The Excommunication of Europe
The United States had no obligations to the nations which emerged out of the Treaty of Versailles, only a human obligation to their people to keep faith with them. The people of Germany believed in all fervor that they had gained an armistice and sought peace on the basis of the fourteen points; the people of France and England believed that their own governments had accepted the same points. And the same people might have been stirred to insist on a peace of reconciliation—not with princes and ministers, but with peoples—if Wilson and the Americans had continued to communicate with them.
We withdrew into a stuffy silence. Just as we played a queer game of protocol and refused to "recognize" the USSR, so we sulked because the old bitch Europe wasn't being a gentleman—the only communication we made to Europe was when we dunned her for money. We have seen how the years of Harding and Coolidge affected our domestic life; [117]they were not only a reaction against the fervor of the war months; they were a carefully calculated reaction against basic American policy at home and abroad; they betrayed American enterprise, delivered industry into the hands of finance, degraded government, laughed at corruption, and under the guise of "a return to normalcy" attempted to revive the dead conservatism of McKinley and Penrose in American politics.
In this period, it is no wonder that we failed to utter one kind word to help the first democratic government in Germany, that we trembled with fear of the Reds, sneered at British labor until it became respectable enough to send us a Prime Minister, and excluded more and more rigorously the people of Europe whose blood had created our own.
Slowly, as the depression of 1929-32 squeezed us, we began to see that our miseries connected us with Europe; it was a Republican president who first attempted to address Europe; but Mr. Hoover's temperament makes it difficult for him to speak freely to anyone; the talks with Ramsay MacDonald were pleasurable; the offer of a moratorium was the first kindness to Europe in a generation of studied American indifference. It failed (because France still preferred to avenge herself on Germany); and thereafter we had too many unpleasant things to do at home.
One Good Deed
We had, in the interval, spoken once to all the world. On the day the Japanese moved into Manchuria we had, in effect, notified the British that we chose not to accept the destruction or dismemberment of a friendly nation. The cynical indifference of Sir John Simon was the first intimation of the way Europe felt about American "idealism". It was also the first step toward "non-intervention" in Spain and the destruction of Europe at the hands of Adolf Hitler. When we were rebuffed by Downing Street, we sulked; we did not attempt to speak to the people of Asia, or try to win the British [118]public to our side. We had lost the habit. We were not even candid in our talks with the Chinese whose cause we favored because we had Japan (and American dealers in oil and scrap iron) to appease.
In 1933 Adolf Hitler was elected leader of a Germany which had been out of communication with us for a generation. The United States which had been in the minds of generations of Germans, was forgotten by the people. In a few years Hitler had overthrown the power of France on the Continent, challenged Communism as an international force, and frightened the British Empire into an ignoble flutter of appeasement.
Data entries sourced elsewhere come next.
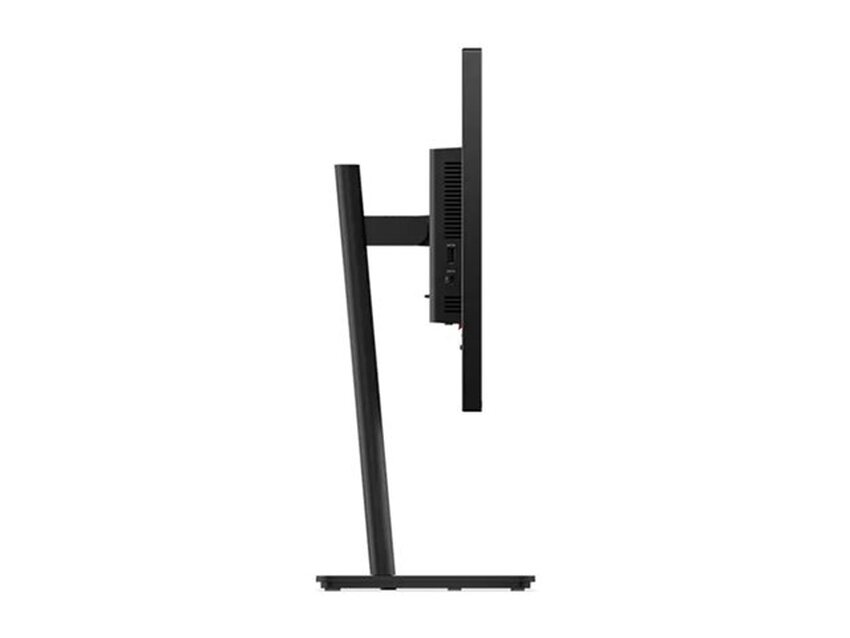 ThinkVision T24-40 24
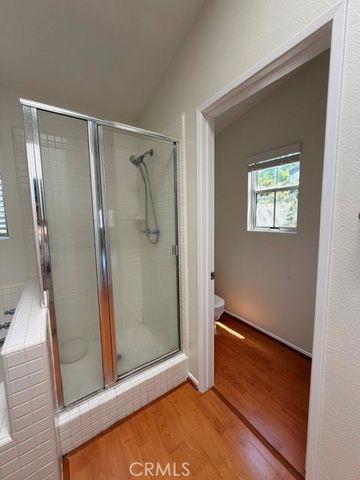 2300 Maple Avenue 25, Torrance, CA 90503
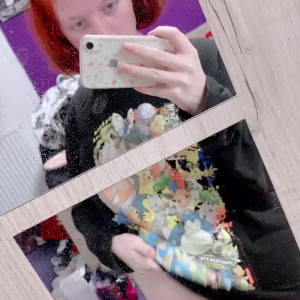 Video by venus_skyy published on August 20,2023 15:26:19 - BestThots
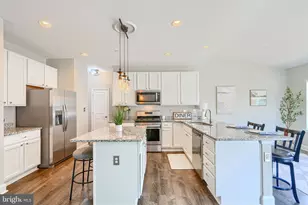 3825 Jarrettsville Pike, Jarrettsville, MD 21084 - Photo 11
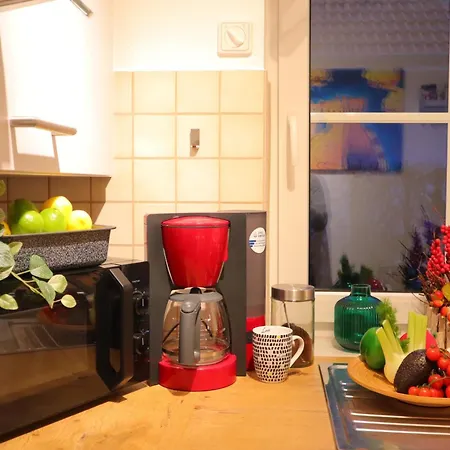 Am - Casa Mia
To that dreary end our failure of communication had tended. We were the one power which might have held Europe together—in a League, in a mere hope of friendship and peace between nations, in the matrix of the fourteen points if nothing more. The moment we withdrew from Europe, its nations fell apart, not merely into victors and vanquished, but into querulous, distrustful, and angry people, each whipped into hysteria by demagogues or soothed to complaisance by frightened ministers.
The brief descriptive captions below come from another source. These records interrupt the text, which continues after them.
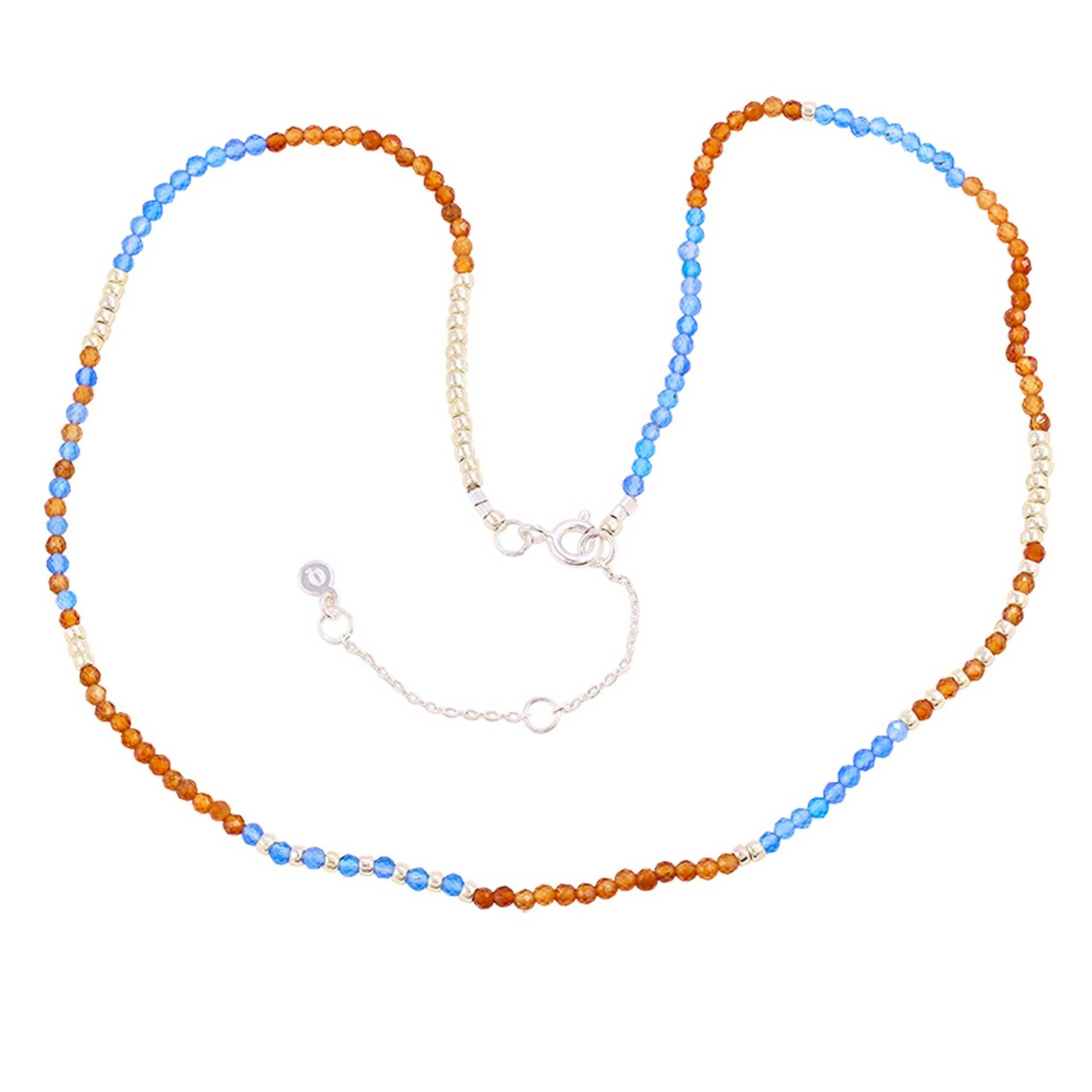 Eira Necklace
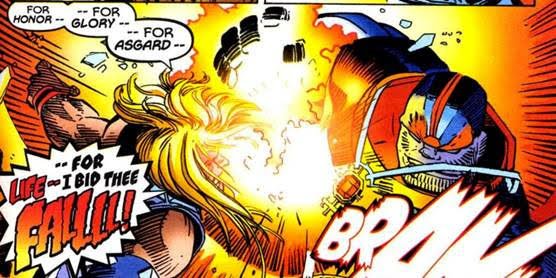 thanos-da-5-lan-dai-bai-trong-truyen-tranh-cua-marvel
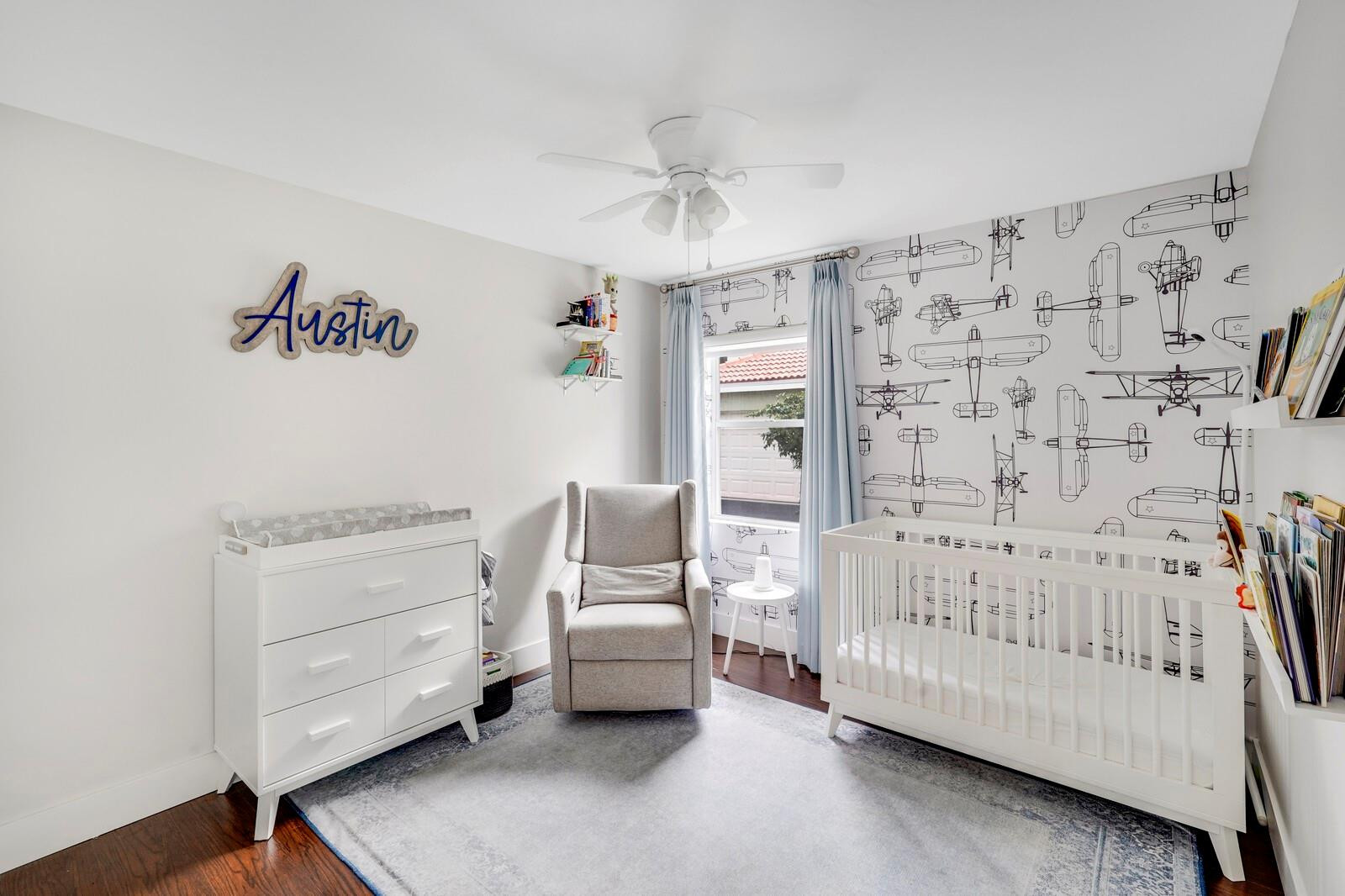10266 Allegro Dr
The obligation to address Europe is no longer a moral one. For our own security, for the cohesion of our own people, for victory over every element that works to break America into hostile parts—now we have the golden opportunity again, to speak to Europe, and to ask Europe to answer. As we look back on our ancient triumphs with the peoples of Europe and the sour end to which we let them come, this new chance is heaven-sent, undeserved, as if we could live our lives over again. And it is nearly so—for if we want to have a life to live in the future, if it is still to be the confident, secure life of a United America, we must speak now to Europe.
What we say to Europe is to be an incitement to revolution, a promise of liberation, a hope of a decent, orderly, comfortable living, in freedom; but it must be as hard and real and un-dreamlike as the Declaration, which was our first word to the people of the world.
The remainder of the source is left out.